• **Exercise requirements**:
Produce an exact copy of the lines from the line that contains "Deep fried spring" to the end of the listing below.

• **Data to examine**:
★ ★ ★ ★ ★ ★ ★

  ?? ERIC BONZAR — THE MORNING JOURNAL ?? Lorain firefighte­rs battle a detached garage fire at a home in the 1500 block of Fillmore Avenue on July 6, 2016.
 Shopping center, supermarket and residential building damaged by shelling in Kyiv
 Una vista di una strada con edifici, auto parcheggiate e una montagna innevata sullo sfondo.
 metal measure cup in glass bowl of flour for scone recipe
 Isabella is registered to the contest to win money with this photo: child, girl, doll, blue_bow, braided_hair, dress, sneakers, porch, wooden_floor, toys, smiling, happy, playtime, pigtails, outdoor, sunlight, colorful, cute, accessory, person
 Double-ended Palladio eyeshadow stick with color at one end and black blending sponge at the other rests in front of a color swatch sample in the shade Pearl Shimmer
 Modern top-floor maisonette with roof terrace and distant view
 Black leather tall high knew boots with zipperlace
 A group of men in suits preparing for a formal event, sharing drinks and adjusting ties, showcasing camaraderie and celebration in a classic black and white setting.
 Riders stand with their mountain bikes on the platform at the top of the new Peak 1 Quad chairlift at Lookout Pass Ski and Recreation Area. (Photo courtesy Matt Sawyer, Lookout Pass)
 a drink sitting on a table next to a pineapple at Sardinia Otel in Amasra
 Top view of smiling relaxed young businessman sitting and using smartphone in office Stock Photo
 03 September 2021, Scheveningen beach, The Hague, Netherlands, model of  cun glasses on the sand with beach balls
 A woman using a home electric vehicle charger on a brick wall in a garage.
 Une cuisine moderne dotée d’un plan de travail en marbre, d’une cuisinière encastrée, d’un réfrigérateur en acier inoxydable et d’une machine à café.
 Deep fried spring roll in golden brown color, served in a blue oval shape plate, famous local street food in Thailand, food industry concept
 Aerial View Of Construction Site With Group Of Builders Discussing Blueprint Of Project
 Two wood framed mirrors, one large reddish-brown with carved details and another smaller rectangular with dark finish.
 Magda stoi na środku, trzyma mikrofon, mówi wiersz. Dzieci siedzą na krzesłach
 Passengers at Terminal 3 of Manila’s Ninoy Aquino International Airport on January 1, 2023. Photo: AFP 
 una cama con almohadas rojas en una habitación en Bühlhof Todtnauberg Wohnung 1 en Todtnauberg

★ ★ ★ ★ ★ ★ ★

• **Solution to the problem**:
 Deep fried spring roll in golden brown color, served in a blue oval shape plate, famous local street food in Thailand, food industry concept
 Aerial View Of Construction Site With Group Of Builders Discussing Blueprint Of Project
 Two wood framed mirrors, one large reddish-brown with carved details and another smaller rectangular with dark finish.
 Magda stoi na środku, trzyma mikrofon, mówi wiersz. Dzieci siedzą na krzesłach
 Passengers at Terminal 3 of Manila’s Ninoy Aquino International Airport on January 1, 2023. Photo: AFP 
 una cama con almohadas rojas en una habitación en Bühlhof Todtnauberg Wohnung 1 en Todtnauberg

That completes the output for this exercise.